Verification / Alternative check:
Consider carbon isotopes as a familiar example. Carbon-12 has 6 protons and 6 neutrons, mass number 12. Carbon-14 has 6 protons and 8 neutrons, mass number 14. Both are carbon because they each have 6 protons, so their atomic number is 6. The difference is in the neutron count and therefore the mass. Similar patterns hold for hydrogen isotopes: protium (1H) has 1 proton and 0 neutrons, deuterium (2H) has 1 proton and 1 neutron and tritium (3H) has 1 proton and 2 neutrons. These examples clearly show constant atomic number and varying mass number among isotopes.

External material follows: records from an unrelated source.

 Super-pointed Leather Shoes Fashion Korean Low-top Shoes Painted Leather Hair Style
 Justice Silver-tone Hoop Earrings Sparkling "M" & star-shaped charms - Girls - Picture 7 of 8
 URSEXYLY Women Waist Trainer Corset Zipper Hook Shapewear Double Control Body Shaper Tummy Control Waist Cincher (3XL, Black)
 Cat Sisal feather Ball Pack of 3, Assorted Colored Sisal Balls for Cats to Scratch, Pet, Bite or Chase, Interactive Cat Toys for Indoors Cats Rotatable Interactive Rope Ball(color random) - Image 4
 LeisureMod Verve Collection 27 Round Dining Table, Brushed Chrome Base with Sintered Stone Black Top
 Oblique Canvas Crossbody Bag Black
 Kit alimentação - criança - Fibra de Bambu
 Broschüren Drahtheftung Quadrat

Why Other Options Are Wrong:
Option A suggests that isotopes have different atomic numbers and different masses, which would make them entirely different elements, not isotopes of the same element. Option B suggests different atomic numbers with the same mass, which again would indicate two different elements accidentally having the same mass number, not isotopes. Option D claims the same atomic number and the same atomic mass, which would describe identical atoms, not isotopes. Option E mentions different numbers of protons and electrons, which could describe ions but does not capture the defining feature of isotopes. Thus, only option C matches the precise definition of isotopes.

Common Pitfalls:
A common misunderstanding is to confuse mass number with atomic weight or to think that isotopes differ in both protons and neutrons. Remember that changing the number of protons changes the element itself, so isotopes must keep the proton count constant. Another pitfall is ignoring neutrons altogether and focusing only on protons and electrons. To avoid this, always remember the simple rule: isotopes are same element (same atomic number), different mass number due to different neutrons.

Final Answer:
All isotopes of the same element have the same atomic number but different atomic masses.